_What the task requires:_ Please reproduce the data exactly, though every picture must stay out.

[[ Raw data open ]]

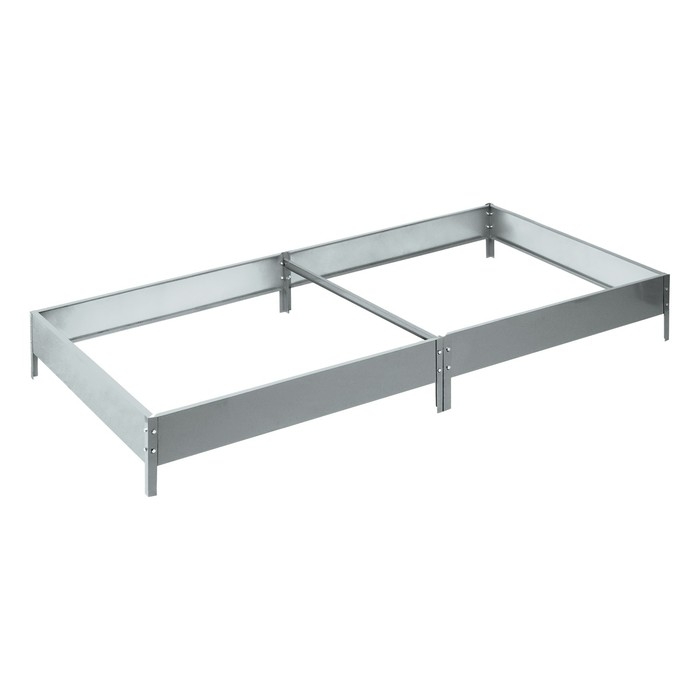 Грядка оцинкованная, компакт, 200 &times; 100 &times; 15 см, Greengo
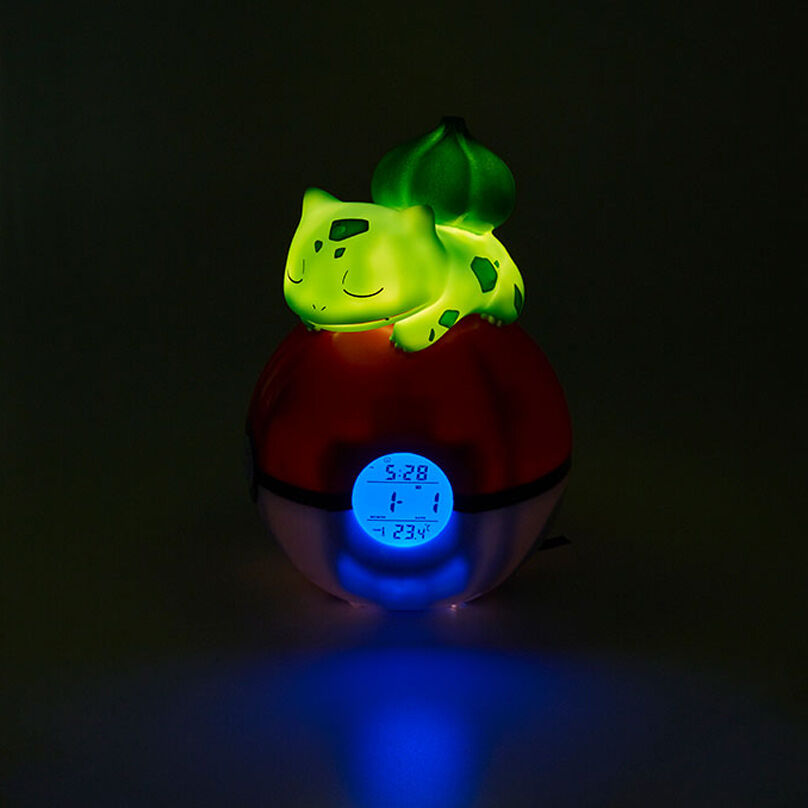Imagen 5 - Lampara Despertador Led Bulbasaur Pokeball Pokemon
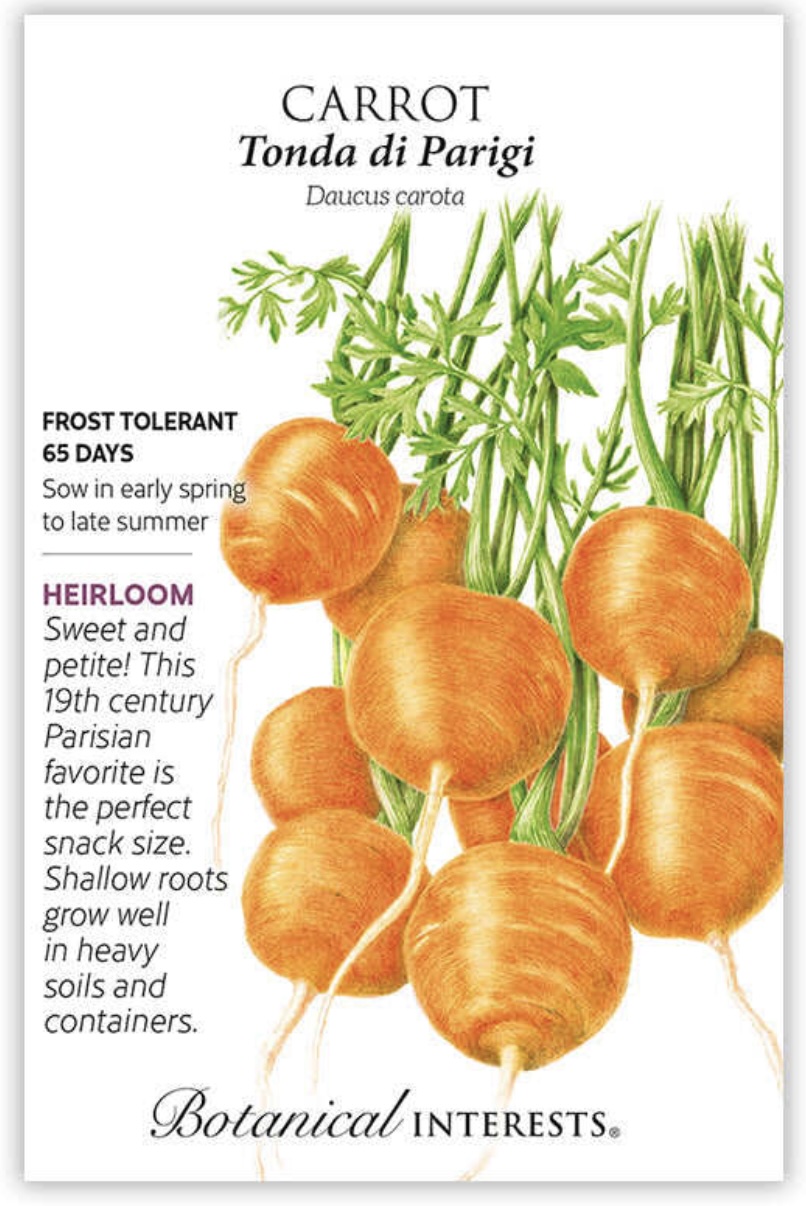 Tonda di Parigi Carrot Seeds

[[ Raw data closed ]]

_Task response:_
 Грядка оцинкованная, компакт, 200 &times; 100 &times; 15 см, Greengo
Imagen 5 - Lampara Despertador Led Bulbasaur Pokeball Pokemon
 Tonda di Parigi Carrot Seeds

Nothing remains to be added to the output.